O terceiro estudo da responsabilidade do DEB – Ministério da Educação (2000) foi efectuado, a nível nacional, junto dos alunos do 4.º ano de escolaridade. Os resultados não mostraram a existência de diferenças significativas em relação ao sexo, ao contrário do que sucede por idades. Os alunos mais novos têm resultados muito superiores aos alunos mais velhos. A análise dos resultados nacionais mostra um excelente desempenho dos alunos no que respeita à compreensão literal - verbatim (97% dos alunos respondem correctamente a esta questão) e maiores dificuldades nas restantes competências, sobretudo quando se trata de realizar inferências. Nas situações que implicam parafrasear só 34% dos alunos conseguem obter a pontuação máxima, 52% apenas parafraseiam parte da resposta enquanto 15% não respondem ou não transcrevem.

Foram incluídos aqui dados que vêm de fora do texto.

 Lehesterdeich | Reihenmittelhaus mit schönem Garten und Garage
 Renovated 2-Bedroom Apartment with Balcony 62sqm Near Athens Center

No que diz respeito ao processo de inferência, apenas 3% dos alunos respondem correctamente a argumentos de natureza objectiva e subjectiva, cerca de 45% explicam com dificuldades e constroem respostas incompletas e cerca de 52% ou não respondem ou erram.
Os resultados destes estudos apontam todos no mesmo sentido, ou seja, os alunos portugueses apresentam níveis de desempenho muito baixos. Por outro lado, não podemos deixar de salientar a estabilidade deste baixo desempenho ao longo dos anos. Desde o primeiro estudo realizado no final dos anos oitenta e início de noventa que o desempenho tem persistido como deficitário. Estes estudos assumem um carácter essencialmente descritivo, constituindo os dados uma fonte importante quer para a discussão dos factores explicativos dos resultados quer para o sentido das mudanças que é necessário introduzir.

[1]Com vista a uma maior precisão de comparação, há que referir que a média internacional, obtida através do método RASCH, se situou nos 500, com um desvio padrão de 100. Tal significa que alunos que pontuaram próximo da média internacional (500) são aqueles que tipicamente responderam aos itens de dificuldade intermédia. Pontuações abaixo de 400 revelam uma capacidade de leitura reduzida e, próximo de 600, uma capacidade de resolução de itens de grande dificuldade (Elley, 1992, cit. Sim-Sim, 1994, p. 133).